Opened Southwest Berkeley

Berkeley shop is just 3rd retail location for North America’s largest e-bike brand

Rad Power Bikes’ cavernous building at 2734 San Pablo Ave. doubles as a showroom and repair shop, with a staff of 25 to keep things running. Credit: Joanne Furio

At Rad Power Bikes, which opened in November on San Pablo Avenue, manager Manny Ruiz says the store’s most popular model, the Rad Runner Plus, is often bought by parents of small children, who want to port their kids around town in the utility bike’s seat attachment, or by people who want to carry groceries in the bike’s basket attachment. 

While some e-bike customers just ride for recreation, many use the two-wheelers — beefier than bicycles and souped up with an electric assist — as an eco-friendly alternative to a car. Not surprisingly, e-bikes have become hugely popular among seniors, the majority of customers at the store the day I visited. 

Rad’s cavernous building doubles as a showroom and repair shop, with a staff of 25 to keep things running. Under a tent in the parking lot, customers can sign up for a test drive and tool around in the lot itself or, for the more adventurous, on the street.  

Rad offers 15 types of frames in four categories: utility bikes, which can carry up to 275 pounds; Urban Commuter, more of a traditional bike and the lightest of the models; and the Off Road, modeled after a mountain bike, with larger tires that have more tread and a suspension fork in front. Most models are about the size of a vintage Schwinn or a small motorcycle. Rad bikes can go 20 mph and drive 25 to 50 miles on a single charge.

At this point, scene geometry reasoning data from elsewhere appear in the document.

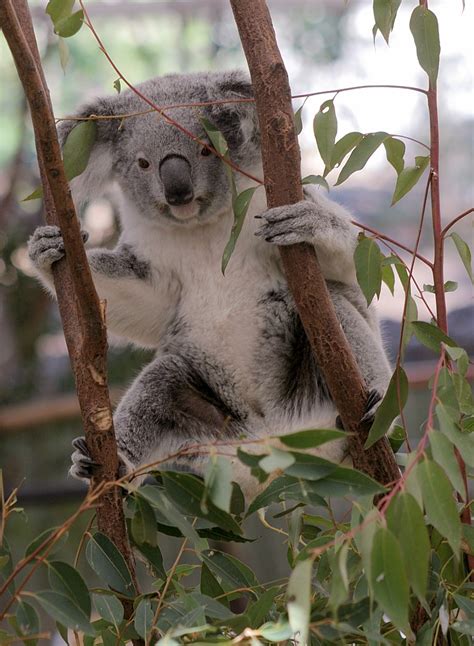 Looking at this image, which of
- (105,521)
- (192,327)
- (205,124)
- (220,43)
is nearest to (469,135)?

Rad is riding a pandemic-fueled trend, in which e-bikes are seen as a safer alternative to public transportation. According to the market research firm NDP Group, e-bike sales grew 145% in 2020. 

Credit: Joanne Furio

Rad Power Bikes was founded by Mike Radenbaugh in 2007, after building his first electric bike to get to and from his high school in Humboldt County. He then partnered with childhood friend Ty Collins in 2015. Since then, as the company website puts it, Rad has been “has been on a wild ride of hypergrowth.” The company first sold online, then opened its headquarters and first bricks-and-mortar showroom in Seattle in 2019, followed by a San Diego location in the spring of 2021 and Berkeley on Nov. 13. Rad is now North America’s largest electric bike brand.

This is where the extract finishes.